Can Neuroscience Change Our Minds? by Hilary Rose Steven Rose
Author:Hilary Rose,Steven Rose
Language: eng
Format: epub
Publisher: John Wiley & Sons, Inc.
Published: 2016-08-01T04:00:00+00:00
(1) Synapses – the more the better?
According to one of the early interventionist training programmes drawing strongly on Perry, ‘an adverse environment will lead to a child having 25% less synapses or connections in their brains than they could have had, while a stimulating environment can lead to 25% more connections’.18 One of the key features of the early development of the brain is a vast over-production of neurons and synapses. Just as it takes myriads of sperm to ensure that one is able to reach and fertilize the egg, so it takes myriads of neurons to be born during development to ensure that some survive and wire up appropriately. A process called apoptosis – programmed cell death – then removes the surplus. So too with synapses, whose proliferating numbers during early development are steadily pruned away, so that by adulthood in some brain regions there are less than half of those present at age three. (These anatomical measurements can only be made post-mortem; there is no way of counting cells or synapses in the living human brain.) Neuroscientists believe that this pruning of redundant synapses both removes unused connections and improves the efficiency of those that remain. Another problem with the synapse number claim is that it implies that once a synapse is made, it remains in place.
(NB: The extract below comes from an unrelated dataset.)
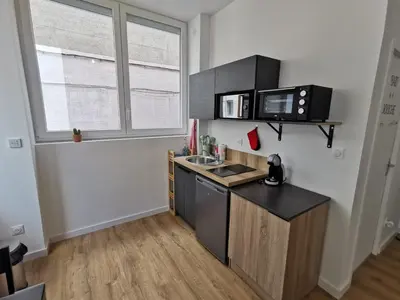 Cuisine ou kitchenette dans l'établissement Le Palissy studio neuf et lumineux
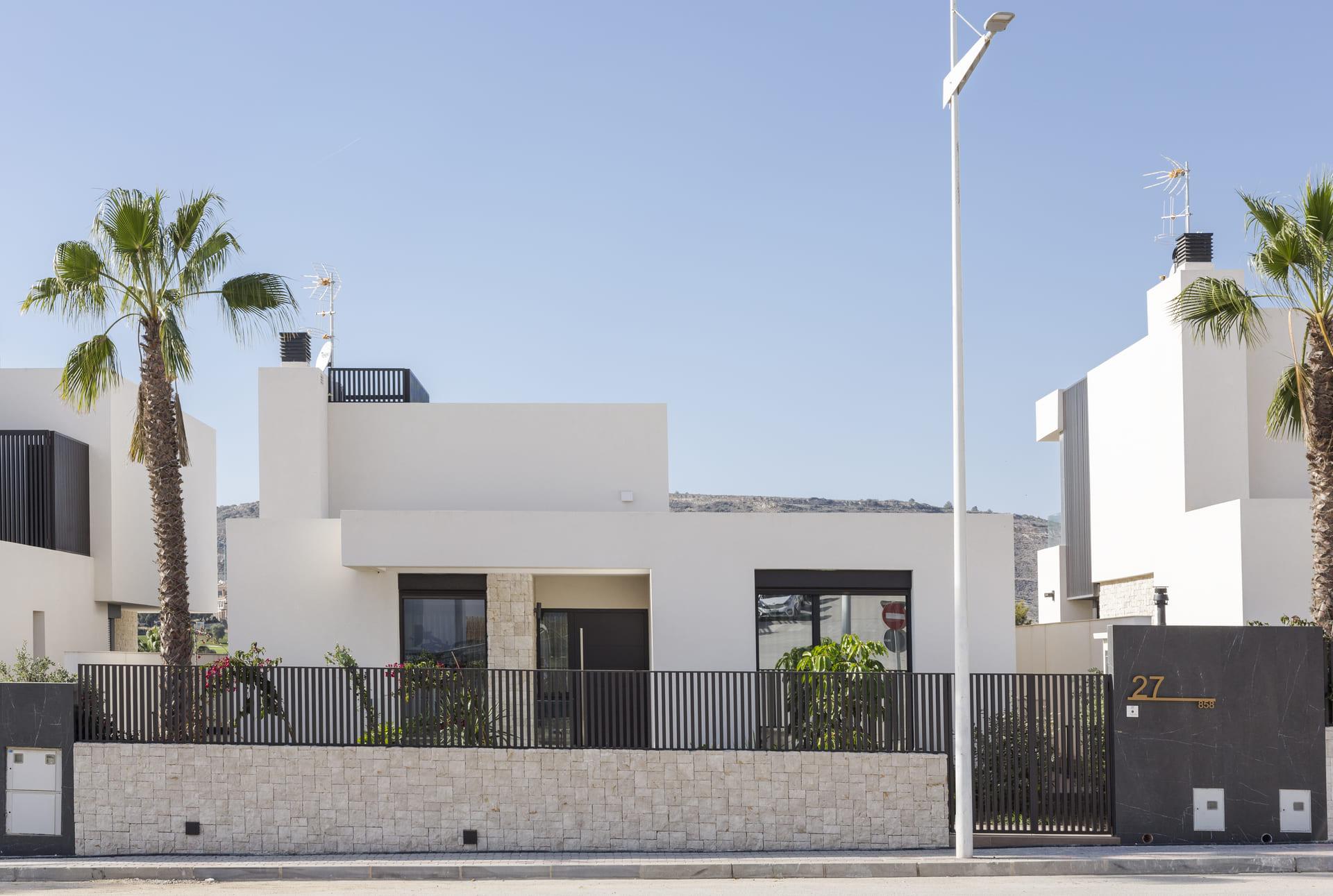 Street and surroundings near new-build villa, Algorfa, Alicante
However, time-lapse studies of the brain in experimental animals shows that synapses are highly dynamic, continually being modified, disappearing and being reformed throughout life. (‘Use it or lose it’ is no bad slogan.) Indeed, this remodelling capacity – plasticity – is the neural mechanism that enables a person to learn from experience, remember and change how they respond. Every thought or action leaves its trace in the brain. So the claim about the significance of synapse numbers is misleading.